Fewer 15-year-olds in East Asian countries reported that they use memorisation than did 15‑year‑olds in some of the English-speaking countries to whom they are often compared. In no PISA-participating education system did boys report more intensive use of memorisation than girls when learning mathematics. Memorisation as a learning strategy may work with easy problems, but it is unlikely to be effective if it is the only strategy used when confronted with complex mathematics problems.
PISA 2012 Released Mathematics Item (Proficiency Level 6)
Some of the greatest geniuses had remarkable memories. Mozart, according to legend, sat and listened to Allegri’s “Miserere”, then transcribed the piece of music, entirely from memory, later in the day. Kim Peek, the savant who was the inspiration for the blockbuster film, Rain Man, memorised as many as 12 000 books. But unlike Mozart, who composed more than 600 works during his brief life, Peek was unable to distinguish between the relevant and the irrelevant, or discover hidden meanings and metaphors in the texts he had committed to memory.
What do these stories have to do with learning mathematics? Or, put another way: in light of these stories, how would you encourage students to learn mathematics? By understanding what mathematics concepts, procedures and formulae mean and applying them to a lot of different maths problems set in a lot of different contexts? Or by learning them by heart and applying them to a lot of similar maths problems? Sooner or later, the method matters. Students who avoid making an effort to understand mathematics concepts may succeed in some school environments; but a lack of deep, critical and creative thinking may seriously penalise these students later in life when confronted with real, complex problems. As Albert Einstein provocatively said: “Any fool can know; the point is to understand”.
A similar message is relayed in this month’s PISA in Focus and a new OECD paper on education, “How teachers teach and students learn: Successful strategies for school”. The analyses show that students who mainly use memorisation when they study do well on easy questions. For example, “CHARTS Q1”, a multiple-choice question from the PISA 2012 test, refers to a simple bar chart and is considered one of the easiest questions in the mathematics assessment. Some 87% of students answered this question correctly. Students who reported that they use some type of memorisation strategy when they study mathematics, such as learning by heart, recalling work already done or going through examples again and again, had about the same success rate on this easy item as students who reported using other learning strategies.
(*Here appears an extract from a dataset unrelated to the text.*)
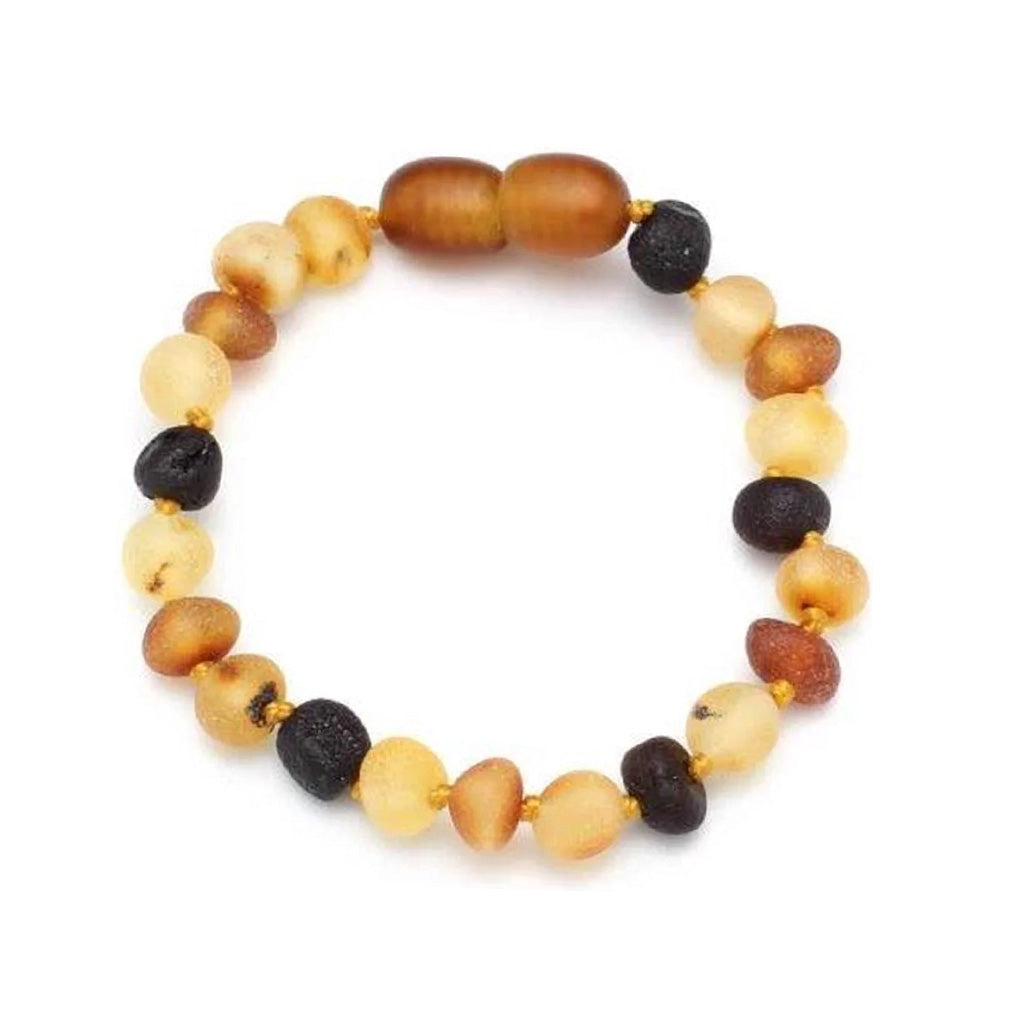 Baby/Child - Amber Bracelet - Round Raw Beads - 14cm - Mixed Colors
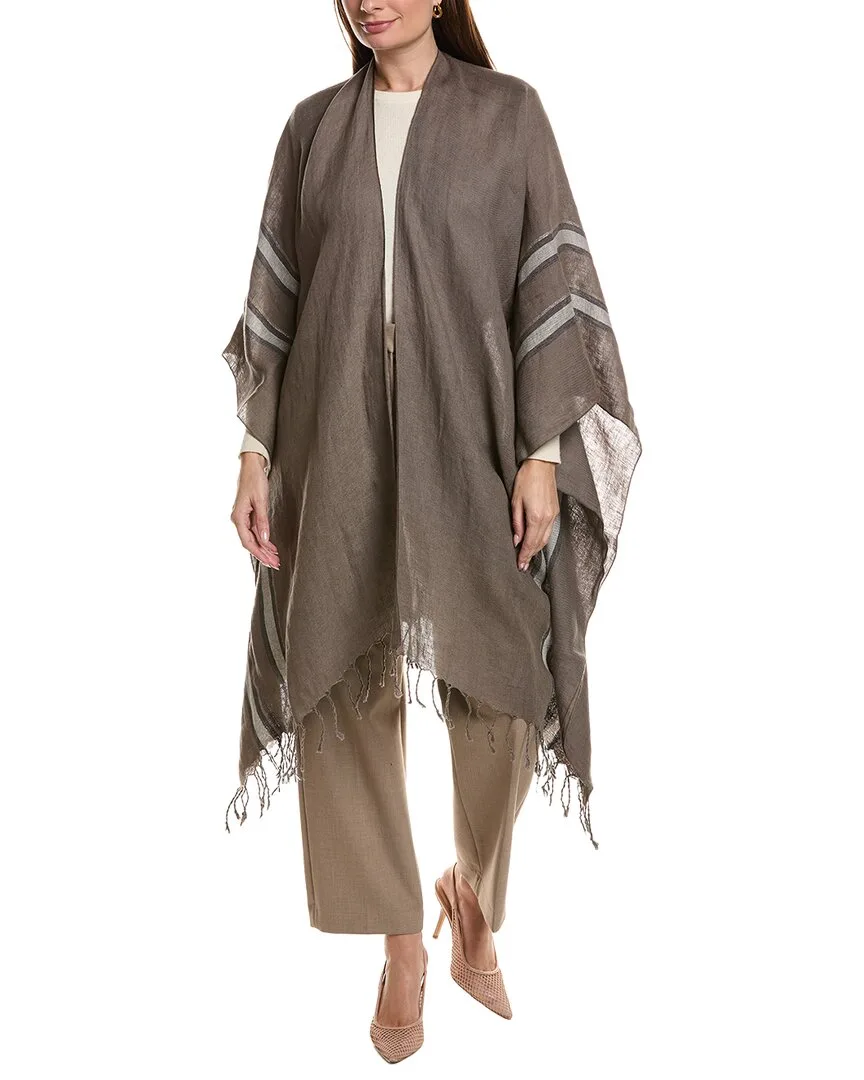 Open Front Linen Poncho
But complex problems are a different matter; they require more than a good memory. For the most challenging question from the PISA 2012 mathematics test, “REVOLVING DOOR Q2”, students who reported using mainly memorisation strategies were much less likely than students using other strategies, such as connecting ideas or working out exactly what is important to learn, to answer correctly. Answering “REVOLVING DOOR Q2” correctly requires substantial geometric reasoning and creativity, involves multiple steps, and draws heavily on students’ ability to translate a real situation into a mathematical problem. Only 3% of participants answered this question correctly.
The findings also show that, contrary to received wisdom, East Asian students are not necessarily the ones who use memorisation strategies the most. Memorisation is used almost everywhere, but fewer 15-year-olds in Hong Kong-China, Japan, Korea, Macao-China, Shanghai-China, Chinese Taipei and Viet Nam reported using it than students in, let’s say, English-speaking countries to whom they are often compared. For instance, 5% of students in Viet Nam, 12% of students in Japan and 17% of students in Korea reported that they learn as much as they can by heart when they study mathematics, compared to 26% of students in Canada, 28% in Ireland, 29% in the United States, 35% in Australia and New Zealand, and 37% in the United Kingdom.
In some situations, memorisation is useful, even necessary. It can give students enough concrete facts on which to reflect; it can limit anxiety by reducing mathematics to a set of simple facts, rules and procedures; and it can help to develop fluency with numbers early in a child’s development, before the child is asked to tackle more complex problems. But to perform at the very top, 15-year-olds need to learn mathematics in a more reflective, ambitious and creative way – one that involves exploring alternative ways of finding solutions, making connections, adopting different perspectives and looking for meaning. So yes, you can use your memory; just use it strategically, lest Einstein call you a fool.